The above objects of the present invention are also achieved by a plug-in unit to be mounted in a sub-rack unit including connectors, which plug-in unit includes: a printed board including parallel first and second sides and having connectors provided on the first side thereof, the connectors being connected with the connectors of the sub-rack unit so that the plug-in unit is mounted therein; a photoelectric conversion module provided on the printed board; a front member attached to the second side of the printed board, the front member having a space formed therein; and a rotating member holding adapters for connecting optical connectors, the rotating member being supported in the space of the front member so as to be rotationally moved between a position in which the rotating member is housed in the space with the adapters facing downward and a position in which the adapters protrude from the front member through an opening formed on a first side thereof to face slantingly downward, the first side facing a reverse direction to said printed board, wherein plugs provided on ends of optical fibers extending from the photoelectric module are connected to the adapters.
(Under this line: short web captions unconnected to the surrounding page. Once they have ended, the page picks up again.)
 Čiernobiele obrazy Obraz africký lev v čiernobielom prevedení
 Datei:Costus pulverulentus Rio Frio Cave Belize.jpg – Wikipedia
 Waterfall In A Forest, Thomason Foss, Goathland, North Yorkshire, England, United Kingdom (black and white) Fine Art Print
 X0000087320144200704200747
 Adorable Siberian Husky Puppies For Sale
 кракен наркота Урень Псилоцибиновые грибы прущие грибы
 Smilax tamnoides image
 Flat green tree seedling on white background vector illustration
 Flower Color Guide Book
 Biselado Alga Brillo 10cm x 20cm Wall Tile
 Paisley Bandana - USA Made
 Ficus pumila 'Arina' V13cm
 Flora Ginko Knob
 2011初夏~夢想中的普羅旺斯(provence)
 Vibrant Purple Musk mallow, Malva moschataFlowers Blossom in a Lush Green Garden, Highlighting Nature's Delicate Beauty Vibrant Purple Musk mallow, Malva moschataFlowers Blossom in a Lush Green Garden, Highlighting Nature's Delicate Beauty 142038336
According to this plug-in unit, the eyes of a user are protected from laser beams when the user connects the plugs of the optical fibers with the adapters. Further, this plug-in unit is allowed to have a larger number of adapters than a conventional plug-in unit.
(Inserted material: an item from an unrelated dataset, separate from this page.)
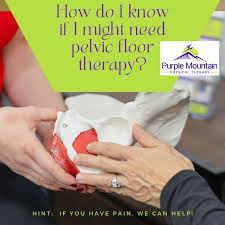 pelvic floor therapy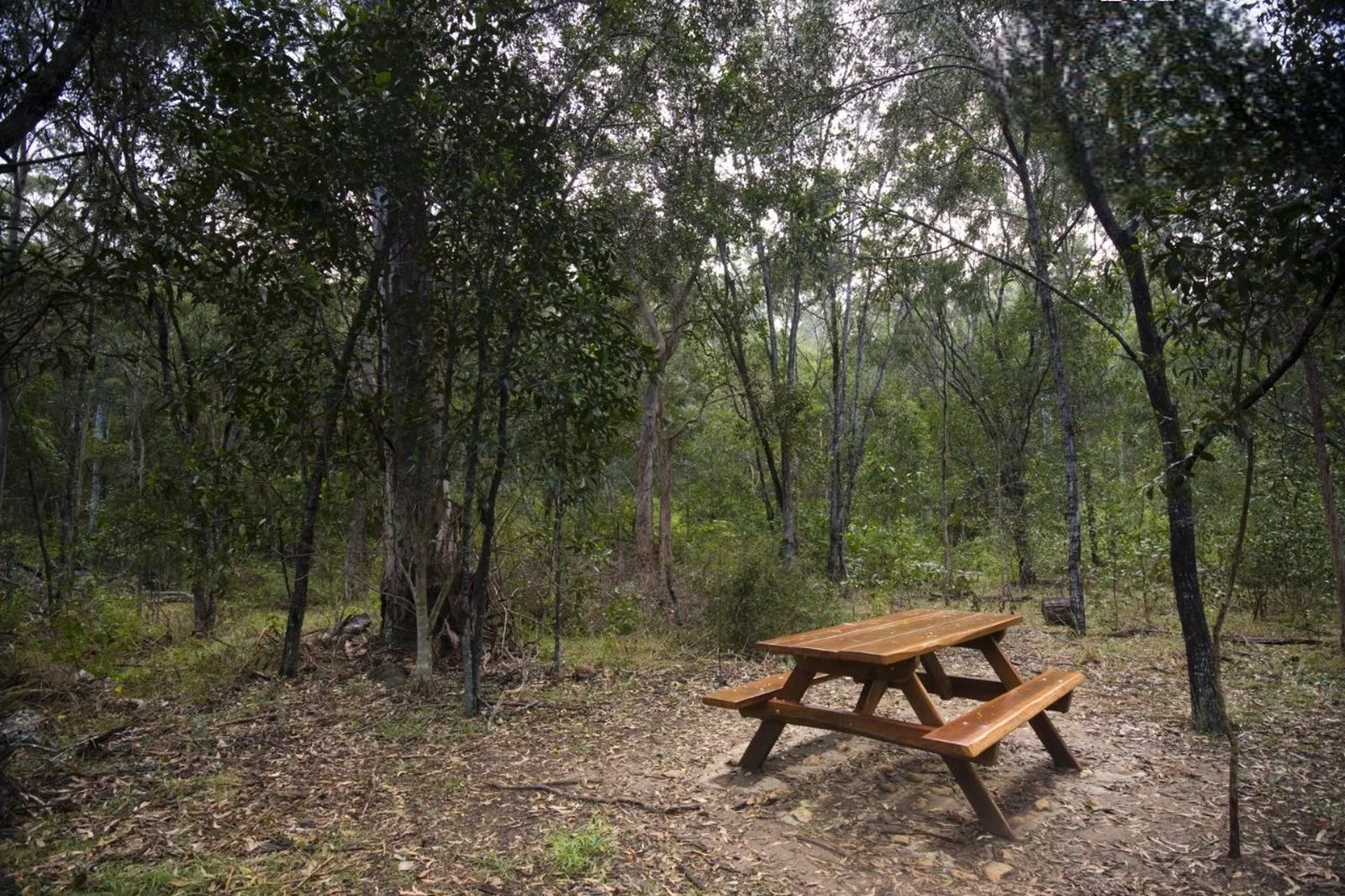 Additional image 15 of Lot Stage 8 Park Avenue, North Isis QLD 4660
The above objects of the present invention are also achieved by a communication device including: a sub-rack unit including a back wiring board having connectors, and first and second guide rail parts being attached to a top side and a lower portion of the sub-rack unit, respectively; a plurality of plug-in units being inserted along the first and second guide rail parts into the sub-rack unit to be plugged into the connectors of the sub-rack unit; a member for forming an air reservoir room formed under the second guide rail parts; and a plurality of motor-fan units each having a motor fan, the motor-fan units being plugged into the sub-rack unit under the member for forming the air reservoir room.
According to this communication device, air from the plugged motor-fan units enters the air reservoir room first and then the sub-rack unit. By this structure, the air equally blows up inside all the mounted plug-in units so that all the plug-in units are forcibly air-cooled equally.
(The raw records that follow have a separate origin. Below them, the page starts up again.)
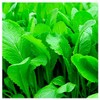 500 Florida Broadleaf Mustard Seeds | Non-GMO | Heirloom | Instant Latch Garden Seeds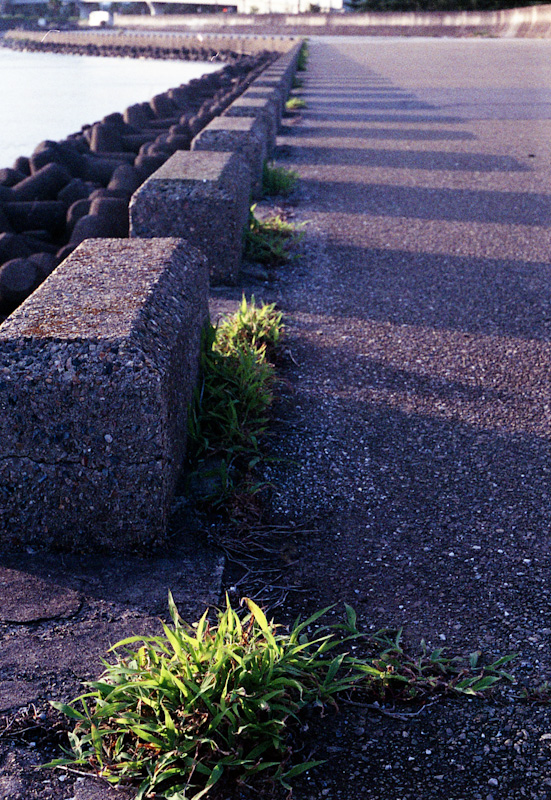 c0084666_15512988.jpg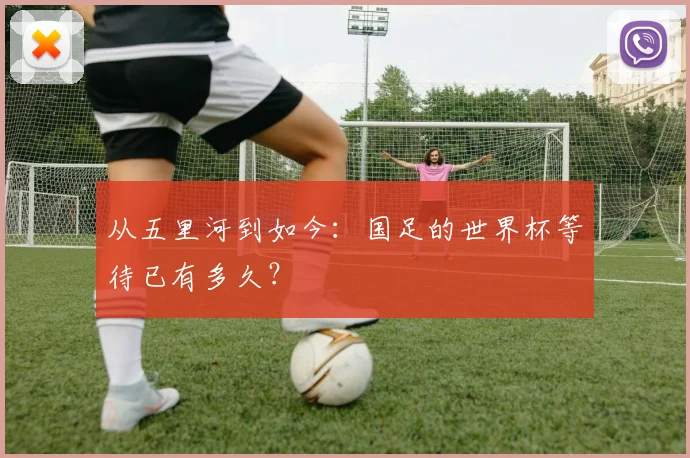 从五里河到如今：国足的世界杯等待已有多久？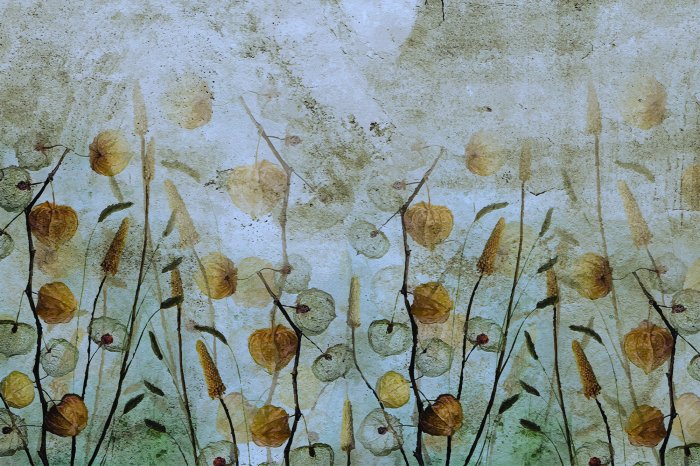 Fototapete Wilde Wiese mit Herbstvegetation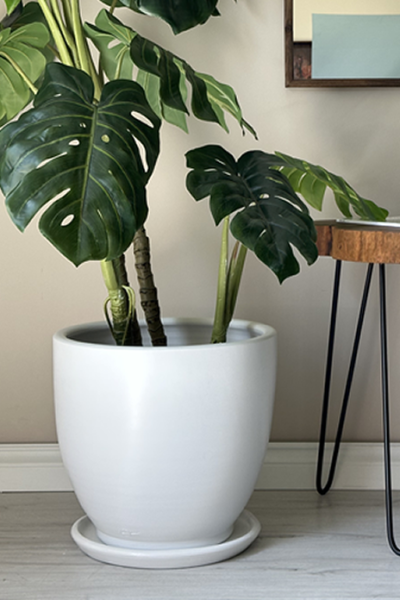 Klasik Saksı-Beyaz H:23cm X Çap:25cm (10 Litre)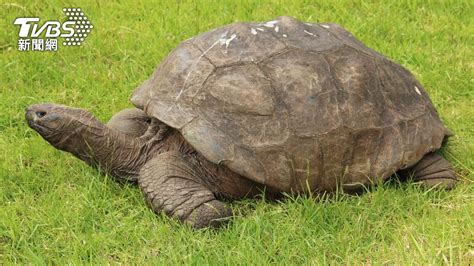 全球最高齡陸龜慶190大壽 獸醫認證：性慾還很強│英國│強納森│研究│tvbs新聞網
The above objects of the present invention are further achieved by a plug-in unit to be mounted in a sub-rack unit, which plug-in unit includes: a front member including a convex part; and first and second card lever assemblies attached to top and bottom end portions of the front member, respectively, each of the first and second card lever assemblies including a main body and an auxiliary lever having a hook part and supported by the main body so as to be rotationally moved around a rotation center, the hook part being formed on an elastically deformable frame part having a frame shape with a hole formed therein, wherein the hook part of the auxiliary lever is positioned on a level with the rotation center in a direction in which the plug-in unit is inserted into the sub-rack unit when the hook part engages with the convex part of the front member.
According to this plug-in unit, the hook part is not disengaged from the convex part even if a force to dismount the plug-in unit from the sub-rack unit is exerted. Therefore, the plug-in unit is mounted in the sub-rack unit in a locked state with high reliability.